MapReduce Programming Paradigm#

1. The reality of working with big data#

2. The reality of working with big data (as outlined by the paper)#

  • Challenges:

    • input data is usually large

    • the computations have to be distributed across hundreds or thousands of machines

    • finish in a reasonable amount of time.

  • Addressing these challenges causes the original simple computation to become obscured by large amounts of supporting complex codes.​

  • What MapReduce does:

    • is a new abstraction

    • expresses the simple core computations

    • hides the messy details of parallelization, fault-tolerance, data distribution and load balancing in a library.

  • Why MapReduce?

    • inspired by the _map_ and _reduce_ primitives present in Lisp and many other functional languages.

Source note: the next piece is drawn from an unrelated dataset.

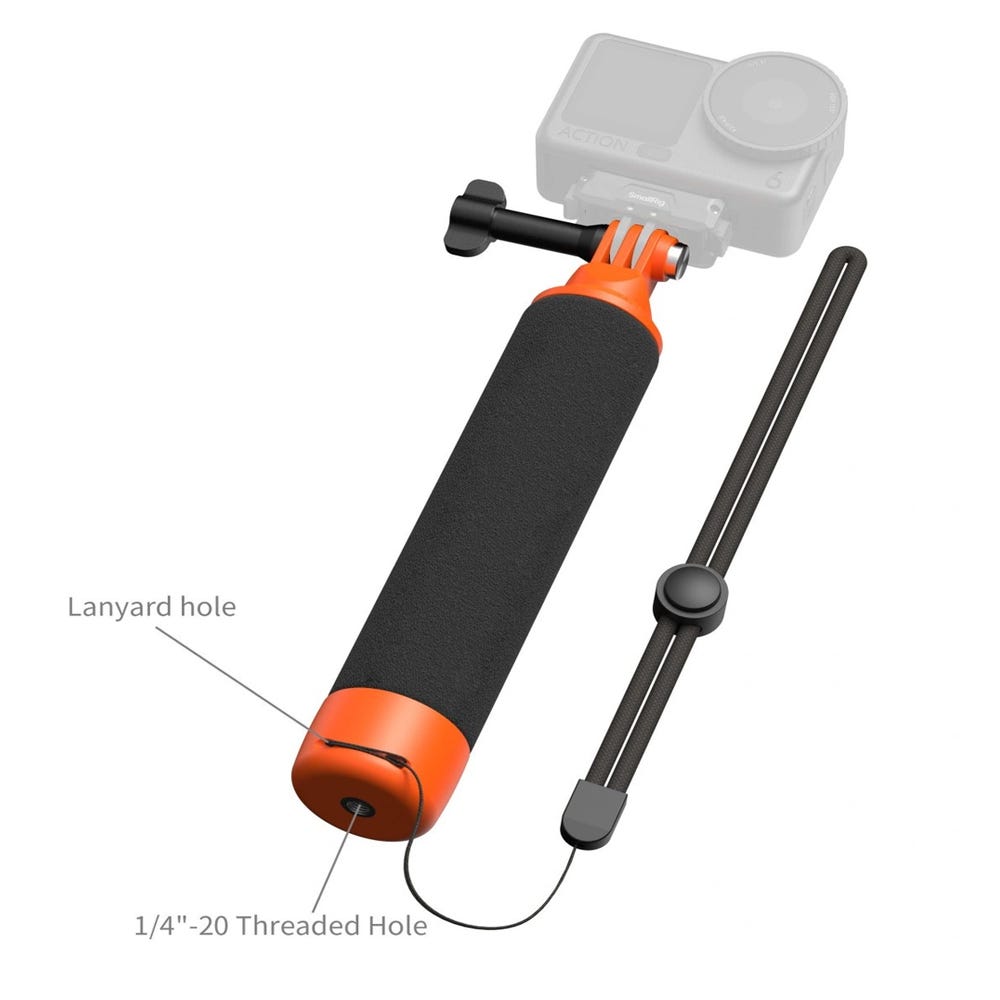 SmallRig Floating Grip for Action Cameras 6152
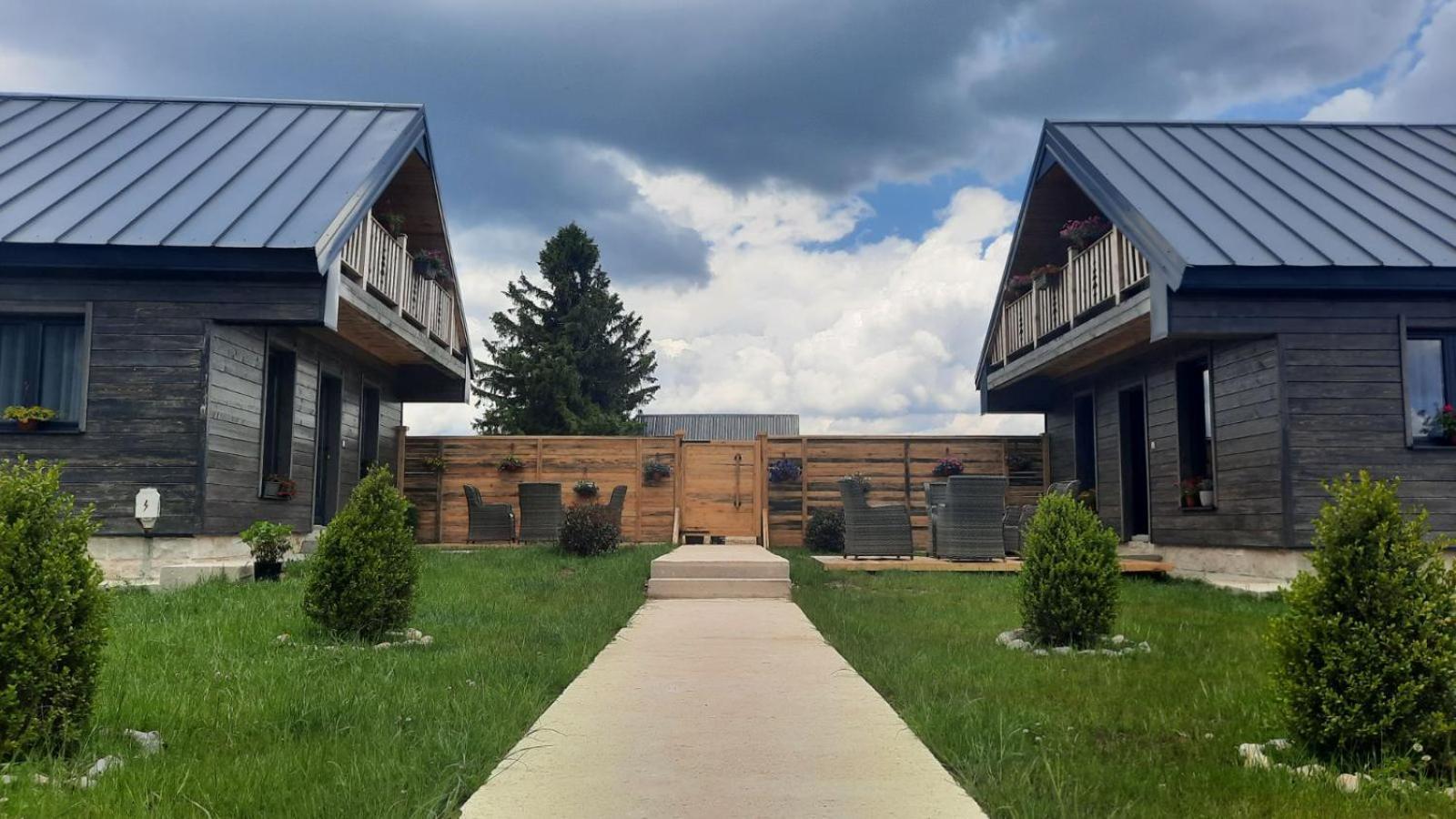 Adria Nord Chalets Zabljak  Ngoại thất bức ảnh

    • Most data computations involve:

      • applying a _map_ operation to each logical record in our input in order to compute a set of intermediate key/value pairs, and then

      • applying a _reduce_ operation to all the values that shared the same key to combine the derived data appropriately.

3. MapReduce in a nutshell#

  • What is map? A function/procedure that is applied to every individual elements of a collection/list/array/…​

int square(x) { return x*x;}​
map square [1,2,3,4] -> [1,4,9,16]​
  • What is reduce? A function/procedure that performs an operation on a list. This operation will fold/reduce this list into a single value (or a smaller subset)​

reduce ([1,2,3,4]) using sum -> 10​
reduce ([1,2,3,4]) using multiply -> 24​

3. Word Count: the “Hello, World” of big data#

  • We have a large amount of text …

    • Could be stored in a single massive file.

    • Could be stored in multiple files.

  • We want to count the number of times each distinct word appears in the files

  • Sample applications:

    • Analyze web server logs to find popular URLs/keywords.

    • Analyze security logs to find incidents. ​

  • Standard parallel programming approach:​

    • Count number of files​ or set up seek distances within a file.

    • Set number of processes​

    • Possibly setting up dynamic workload assignment​

    • A lot of data transfer​

    • Significant coding effort​​

4. Word Count: MapReduce workflow#

MapReduce wordcount workflow

5. Word Count: MapReduce workflow - what do you really do#

  • Input: a set of key-value pairs

  • Programmer specifies two methods:

    • Map(k, v) -> (k', v'):

      • Takes a key-value pair and outputs a set of key-value pairs.

        • E.g., key is the filename, value is a single line in the file

      • There is one Map call for every (k,v) pair

    • Reduce(k2, <v'>) -> <k’, v’’>

      • All values v' with same key k' are reduced together and processed in v' order.

      • There is one Reduce function call per unique key k'.

mapping and reducing
  • MapReduce environment takes care of:

    • Partitioning the input data

    • Scheduling the program’s execution across a set of machines

    • Performing the group by key step

    • Handling machine failures

    • Managing required inter-machine communication

6. Word Count: MapReduce workflow at scale#

at scale 1 at scale 2

7. Applications that suit well with MapReduce programming paradigm#

  • Text tokenization, indexing, and search

    • Web access log stats

    • Inverted index construction

    • Term-vector per host

    • Distributed grep/sort

  • Graph creation

    • Web link-graph reversal (Google’s PageRank)

  • Data Mining and machine learning

    • Document clustering

    • Machine learning

    • Statistical machine translation